DFO Manifesto – Matt Menickelly

A SPECTRE is haunting numerical optimization – the spectre of derivative-free optimization.

As I get older, work with more collaborators, and see more (good and bad) trends in DFO, I’ve compiled a list of very general thoughts about best practices. This list will almost certainly grow over time as I think of or encounter more items.

If your black box isn’t completely black-box, you are morally obligated to exploit all the structure you
can see.
If you believe (a composite part of) an objective function is smooth, use model-based methods. Direct
search methods are only for when you know absolutely nothing.

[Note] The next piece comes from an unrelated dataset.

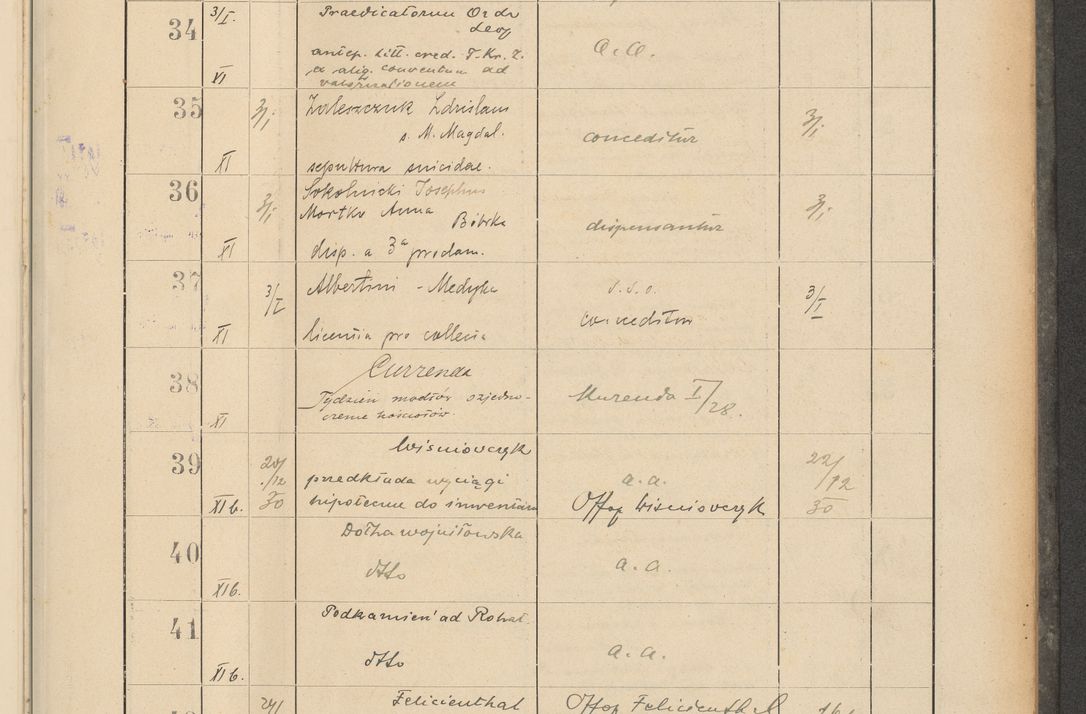 Zdjęcie nr 15 dla obiektu archiwalnego: Protocollum Consistorii lat. Leop. 1928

Do not use derivative-free methods if you have derivatives available. (Like … why?) Minor note: Do some timing – if the computation of a derivative actually takes more than n (the problem dimension) times the cost of a derivative, maybe you should actually think about DFO.

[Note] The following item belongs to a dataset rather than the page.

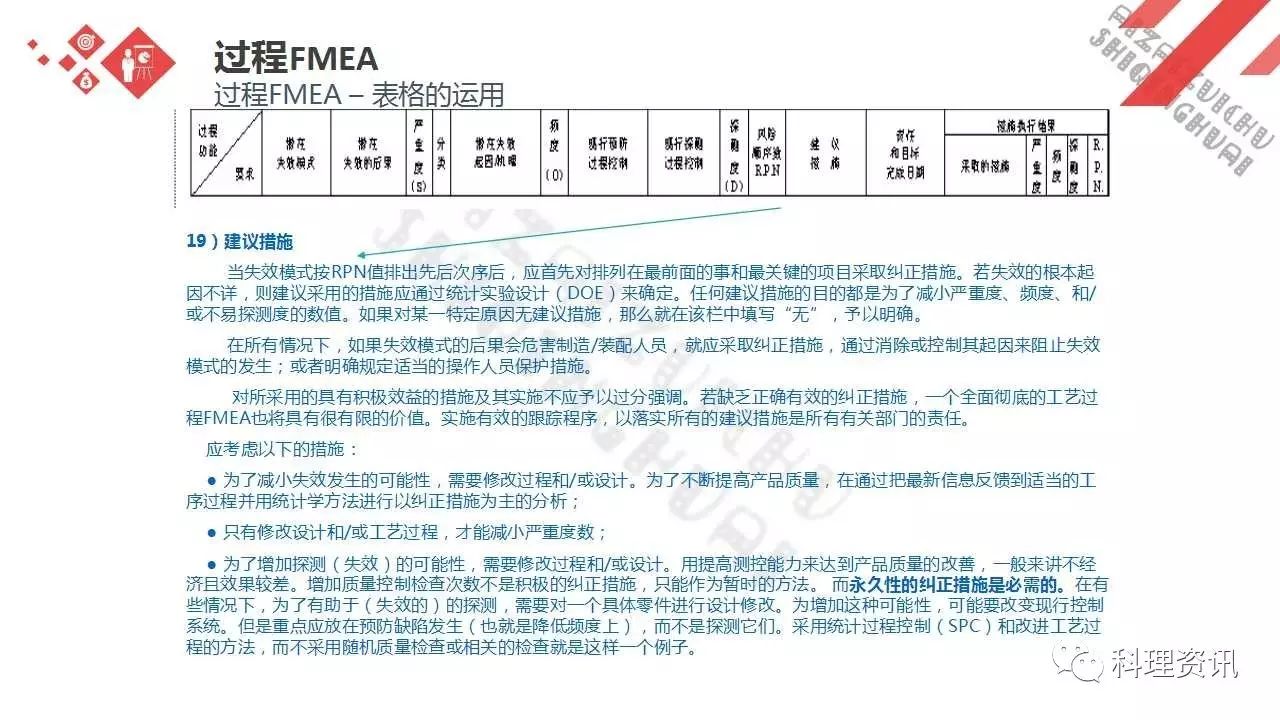 可靠性设计的重要方法——某汽车公司FEMA培训教程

People who work in algorithmic differentiation are our comrades. But they can’t solve all our problems.
If function evaluations are expensive, you should keep them in memory for as long as reasonable allowable.
If a black box is noisy (and not necessarily stochastic), you must do something (usually, change a tolerance or a model-building routine) to account for an estimate of the magnitude of noise.

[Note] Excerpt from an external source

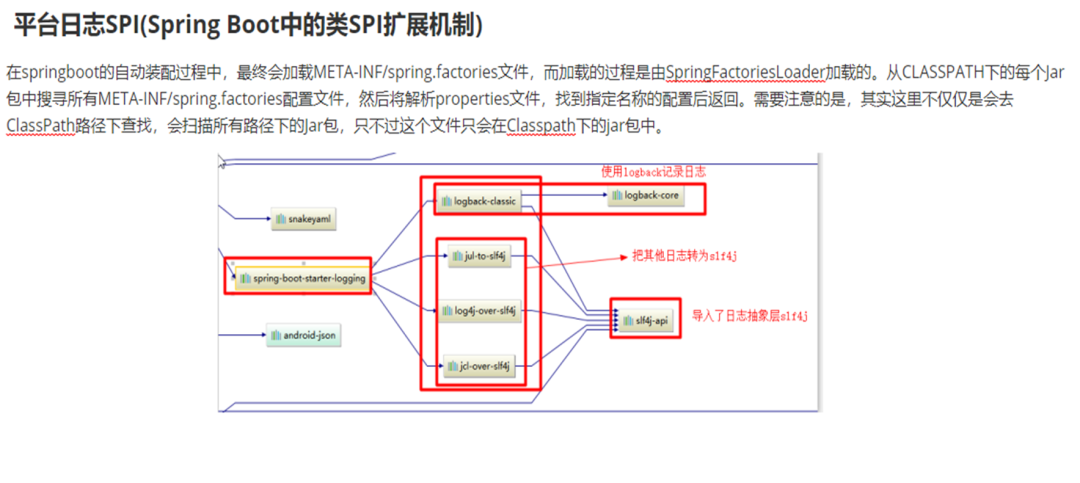 平台日志架构说明log4j漏洞问题解析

With that said, stochastic black-box oracles are hard, unless the oracle is trivially cheap to evaluate.
Black-box constraints are hard. You’re never going to get the activities right, so go back to the drawing board with your optimization model. How infeasible or suboptimal can you be before your optimization model is garbage?
Global optimization is hard. Bayesian optimization works wonderfully … in low dimensions. It doesn’t take long before the curse of dimensionality catches up with you. You’ll generally find local DFO methods combined with multistart methods are empirically superior.
Multiobjective optimization is hard. It’s basically global optimization. Push back on optimization models with more than two objectives, three is a very generous hard limit.
If an algorithm’s motivation refers to “nature” or “evolution” as its inspiration, beware. Evolution in nature doesn’t respect any objective function. Also, it took billions of years to get multicellular life, so nature isn’t even efficient at meeting nebulous objectives.
If you’re evaluating a finite difference gradient on every iteration of an optimization method, you’re only nominally doing DFO. You’re really doing an inexact derivative-based method.
The fewer hyperparameters a method needs to actually tune, the more useful that method will end up being on computationally expensive problems.
If accuracy is critically important to your application, “dimension-independent” DFO methods are too good to be true.